_How to complete this task_. Nothing but the lines from the one containing "A woman was" through the one containing "a lamp sitting", both included, should be given again, each exactly as written below.

_Data for this task_.
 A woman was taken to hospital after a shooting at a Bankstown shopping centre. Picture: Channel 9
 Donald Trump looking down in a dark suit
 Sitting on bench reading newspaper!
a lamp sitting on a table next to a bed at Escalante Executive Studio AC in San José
* * *
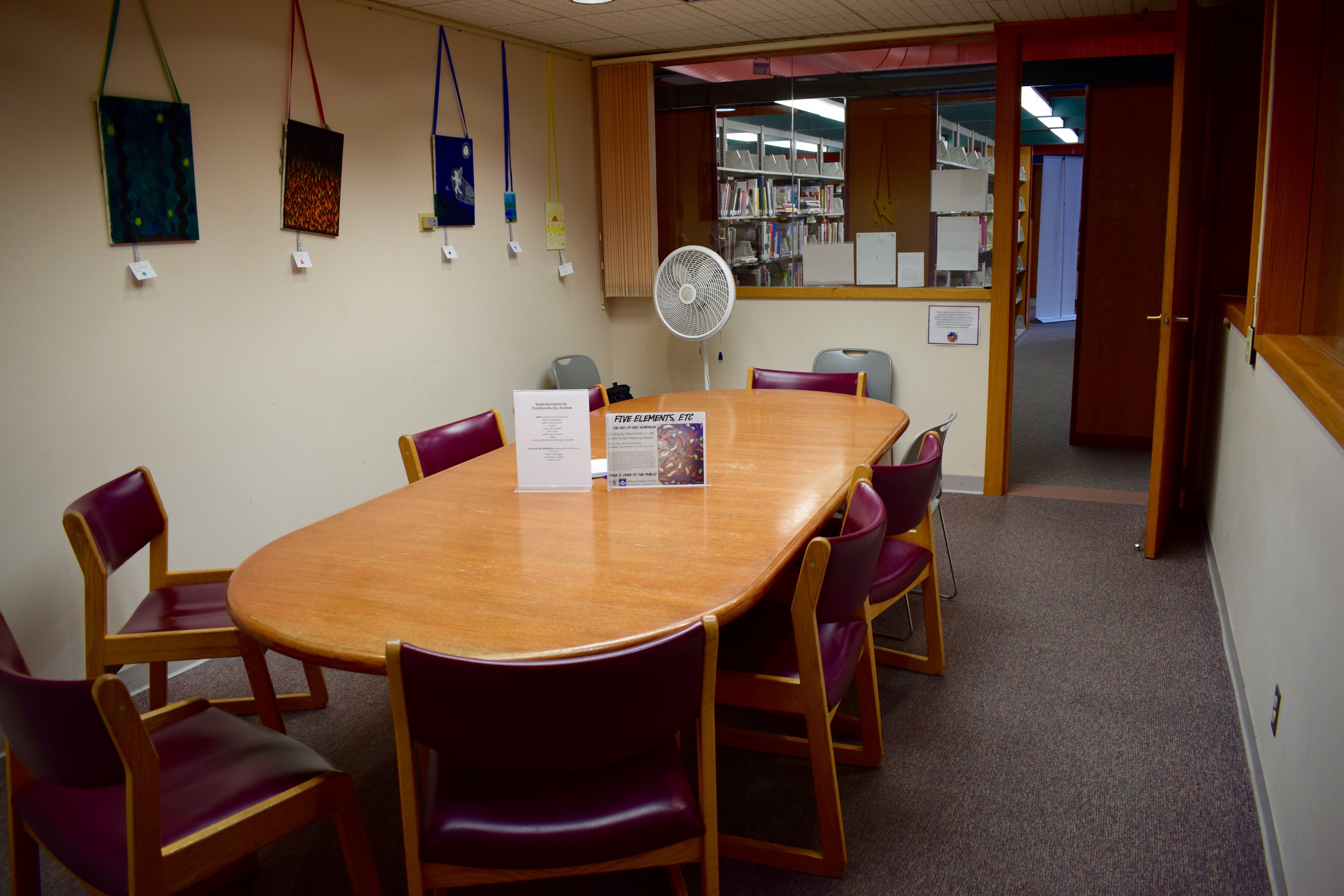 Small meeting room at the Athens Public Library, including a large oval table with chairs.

_Problem solution_.
 A woman was taken to hospital after a shooting at a Bankstown shopping centre. Picture: Channel 9
 Donald Trump looking down in a dark suit
 Sitting on bench reading newspaper!
a lamp sitting on a table next to a bed at Escalante Executive Studio AC in San José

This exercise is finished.